Van der Bellen: Paff Daddy außer Dienst
Alexander Van der Bellen, der ehemalige Bundessprecher der Grünen, der ab September dem Wiener Gemeinderat angehören wird, ist 68 Jahre alt. 50 davon hat der Wirtschaftswissenschaftler geraucht. Zwei Packerl täglich. Zuletzt rote Chesterfield, nix für Rehstreichler. Macht in Summe 730.000 Tschick. Kaufte der Herr Professor heute 36.500 Packerl in der Trafik, müsste er dafür 138.700 Euro zahlen.
Vor 29 Tagen hat Van der Bellen, der wohl prominenteste Raucher des Landes, die letzte Zigarette ausgedämpft. Nicht, weil er von der Weltgesundheitsorganisation gehört hat, dass jedes Jahr fünf Millionen Menschen an den Folgen des Tabakkonsums sterben, nein. "Ich habe mir immer eingeredet, dass ich ein Genussraucher bin. Bis mich die Sucht überholt hat und die Dosis von 40 Zigaretten am Tag zu gering wurde. Mehr konnte ich aber nicht rauchen, weil ich Kopfweh bekam. Eine Stunde konnte ich ohne Zigarette aushalten. Eineinhalb waren schon fast unmöglich."
Positive Bilder
Gemeinsam mit neun Parteikollegen schrieb sich Van der Bellen in einen Rauch-Entwöhnungskurs ein, das für ihn anfangs gewöhnungsbedürftig war. Kostenpunkt: 350 Euro pro Person. "Die Vortragende hat uns sieben Stunden mit einem aus der Mode gekommenen Frontalvortrag auf Trab gehalten. Aber wir haben ohne Murren durchgehalten und die teils esoterisch angehauchten Übungen mitgemacht." Von den zehn Grünen sind 29 Tage später fünf rauchfrei. Das liegt im Schnitt. Mit 41 % ist das Psychodynamische Modelltraining, das die Grazerin Ursula Grohs entwickelt hat, weltweit die erfolgreichste Methode.
Den Teilnehmern wird weder über die Gesundheitsschiene noch über die Moral eingebläut, wie böse, böse und böse Rauchen ist. Gearbeitet wird nur mit positiven Bildern. "Nikotin ist dein Feind, der sich der Zigarette bedient, um sich bei dir einzuschleichen", erzählt Van der Bellen. "Du glaubst, die Zigarette ist dein Freund. Ein Irrtum! Die Beziehung ist einseitig. Du bist der Zigarette nämlich vollkommen wurscht."
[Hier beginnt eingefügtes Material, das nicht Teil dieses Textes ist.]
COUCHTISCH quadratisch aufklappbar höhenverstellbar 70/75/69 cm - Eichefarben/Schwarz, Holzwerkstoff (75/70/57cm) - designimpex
Beim PDM-Selbstcoaching werden die Teilnehmer nach jeder Stunde zum Rauchen geschickt. Zur Entspannung. Zum Nachdenken. Die Aschenbecher werden nicht geleert, die Fenster nicht geöffnet. Mit jedem Zug steigt der Eindruck der Sinnlosigkeit. Am Ende fordert Grohs die Leute auf, sich vom Leid zu verabschieden, die letzte Zigarette zu rauchen, das Packerl in den Mistkübel zu schmeißen und grußlos heimzugehen.
"Die Letzte hat mir nicht mehr geschmeckt. Ich habe nur zwei Züge gemacht und mich mit dem Ausdruck des Bedauerns meiner Sucht entledigt", sagt Van der Bellen, während er im Wiener Café Ritter in den Raucher-Bereich lugt. "Wir könnten auch dort sitzen. Der Rauch stört mich nicht. Ich lege meine Abneigung gegen Puritaner aller Art nicht ab." Dies bedingt, dass er weit davon entfernt ist, den Missionar spielen zu wollen. "Ich bin jetzt kein militanter Nichtraucher und werde mich niemals verführen lassen, einen Raucher zu überreden, aufzuhören. Jeder soll tun, was er für richtig hält." Er hält es für falsch, sich eine Sparkassa aufzustellen, in die man täglich das Zigaretten-Geld wirft. "Weil man dann täglich ans Rauchen erinnert wird."
Ob der Professor über den Berg ist? "Ich denke schon", sagt der 68-Jährige. "Aber ich lasse mir ein Hintertürl offen. Ich kann ja mit 75 wieder anfangen, weil dann ja vielleicht eh schon alles wurscht ist."